One cannot tell with certainty wher Hannah Corbin's son Elisha was during the time of her illness. Immediately after her death, however, he was considered to be a resident of Richmond County, because it was there that the county court certified the 19-year-old's choice of a nominal guardian, on October 7, 1782. When much of Hannah's personal estate (not the land) at Woodberry was sold at public auction on or about December 30, 1782, to satisfy her many debts, Elisha Hall was in attendance. He was by all appearances residing on his newly inherited plantation when the personal property taxes on it were assessed in April 1784, just after he had turned 21. At the time of the 1782 and 1783 taxations, Woodberry was still listed as "The estate of Mrs. Hannah Corbin, dec'd." During those years, Elisha Hall was still under twenty-one, and would not have been tithable, so his presence cannot be proven or disproven from those records.
Elisha Hall sold Woodberry and its two dependent tracts in 1785 to his renowned uncle Arthur Lee, who had represented American interests in Europe during the Revolution. Lee operated it as his country seat, and resided there occasionally until 1791, when he sold it out of the family. During the early or middle 1780's, Elisha Hall received enough medical training to become, like his father, a physician.
Elisha's whereabouts during the Lucey Hanks became pregant with Abraham Lincoln's mother (i.e., 1781-83) are not entirely certain, but the preponderance of the evidence that has been just cited suggests he was at Woodberry, his mother's estate on the Rappahannock in Richmond County. Given his mother's distressed economic state and health, he could conceivably have taken over the management of his mother's Richmond County plantation at the time of her move to Westmoreland-a heavy repsonsibility for such a young man. In 1782, Woodberry had thirty-six taxable slaves, the records show. Certainly, he could have continued living there, providing some degree of supervision to the overser William Richards.
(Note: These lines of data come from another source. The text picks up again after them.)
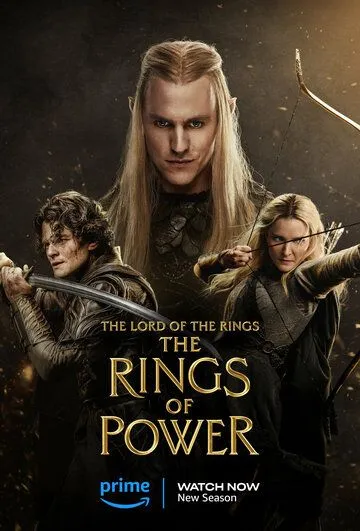 Властелин колец: Кольца власти / The Lord of the Rings: The Rings of Power (2022)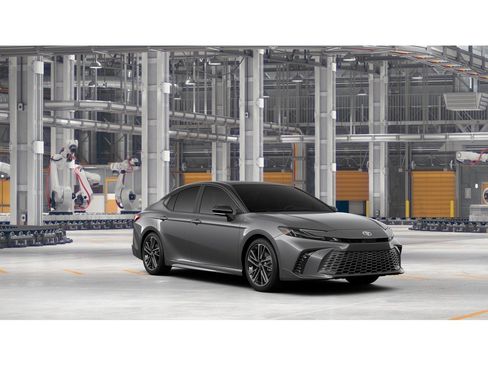 New 2026 Toyota Camry XSE FWD image 23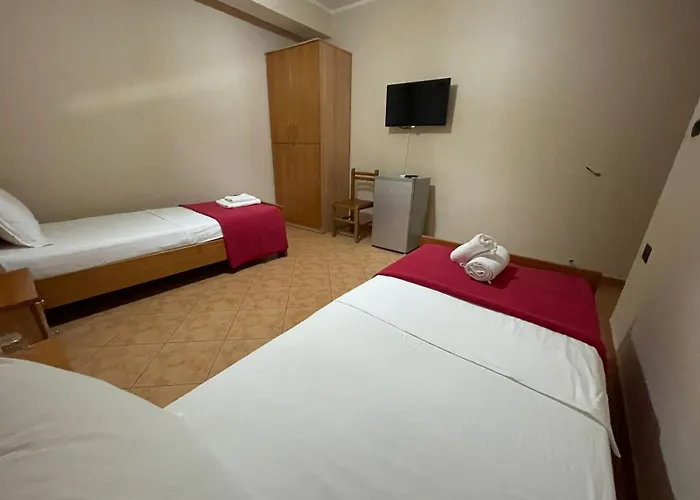 Otel Kudhesi Avlonya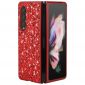 Coque Samsung Galaxy Z Fold 3 5G Paillettes Glamour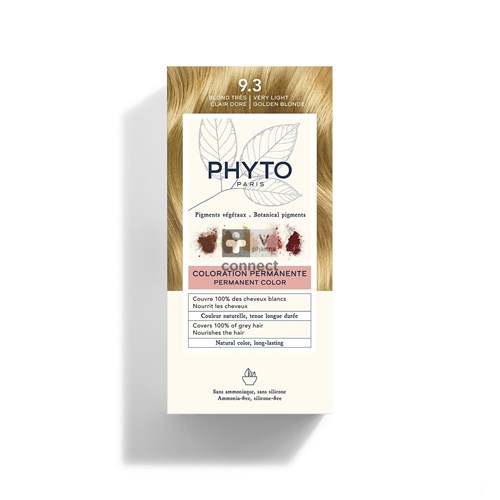 Phytocolor N.9.3 Blond Dore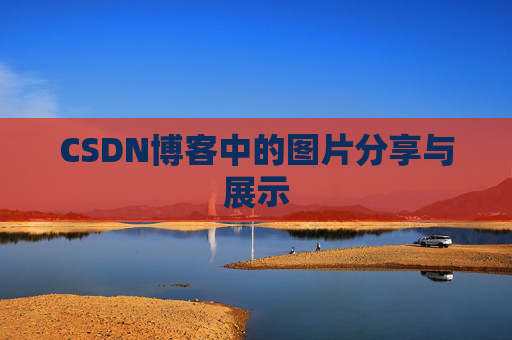 CSDN博客中的图片分享与展示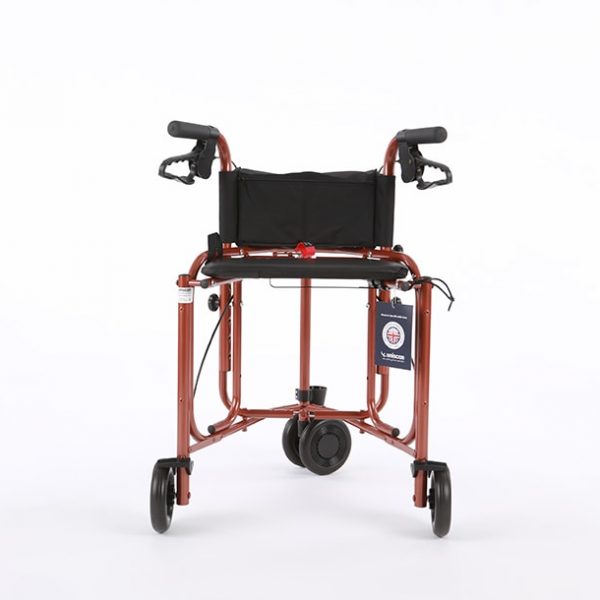 Uniscan Triumph Walker - Rollators - Bridge & Lindsey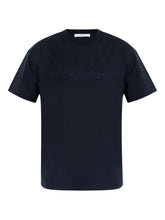 Givenchy Camiseta Paris de jacquard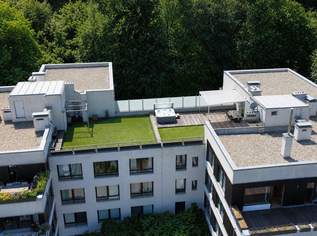 Exklusives Penthouse mit Hotelambiente – Hallenbad, Spa-Bereich, Partykeller und uneinsehbarer Dachterrasse, 1296000 €, Immobilien-Wohnungen in 1130 Hietzing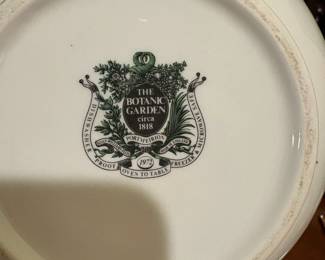 R71 - $20. The Botanic Garden Portmeirion Pitcher. 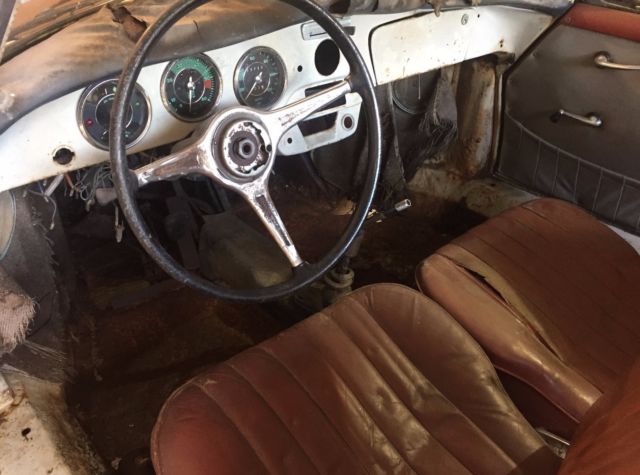 1964 Porsche 356 Coupe' NO RESERVE - photo 8
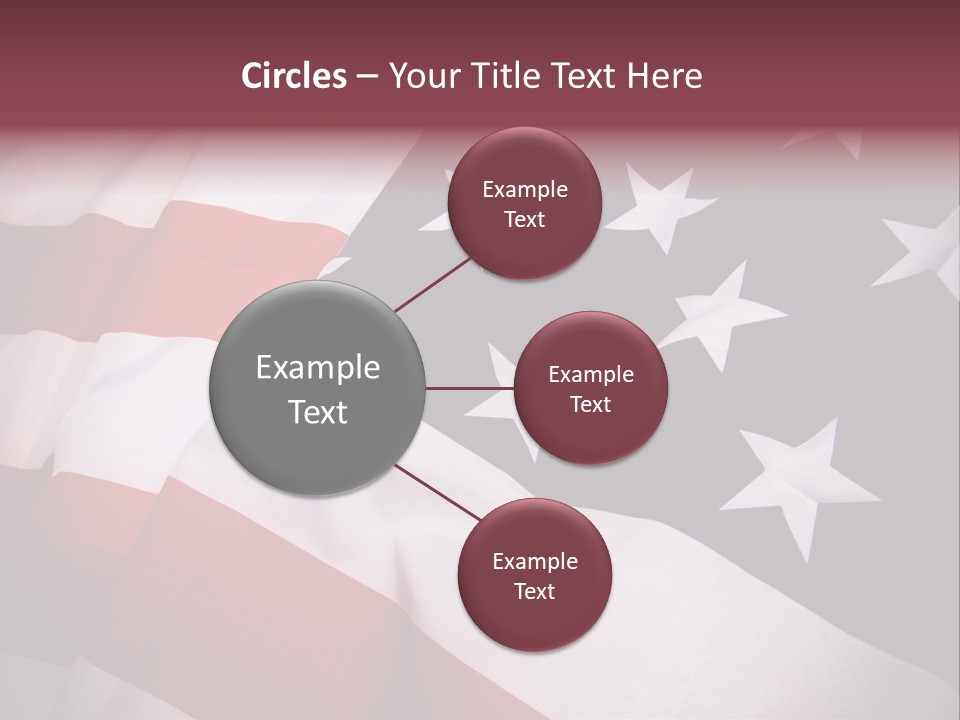 Banner United Abstract PowerPoint Template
It cannot be seriously doubted that Elisha Hall knew Lucey Hanks. They were close neighbors. They were only three or four years apart in age. Both, almost certainly, attended local Baptist meetings and activities. Lucey, having learned to read and write (possibly while employed as a servant as a servant on a local plantation), might have thought at her tender age that someone like Elisha Lingan Hall was not beyond her reach.
Both the writer and the reader, however, must resist the temptation to turn speculation and a few coincidences of time, place, age, and religion into a statement of possibility or probability concerning the paternity of Nancy Hanks, Lincoln's mother. We can only say that Elisha Hall is another neighbor who merits the further scrutiny in the search for the male half of Nancy's parentage.
In 1786, Elisha Lingan Hall, now Dr. Hall, joined the great migration of Virginians and others to Kentucky, accoring to many documents the writer has discovered. He settled in Louisville, then a strategic crossroads at the falls of the Ohio River. There, on February 3, 1787, he married Fanny Eastin. Besides practicing medicine, he served as a constable, and eventually as the county jailor. In his will, probabted March 8, 1819, he provided for his widow Fanny, and three children: Richard, Harriet, and Elisha. His son Richard served as a Louisville councilman 1828-31.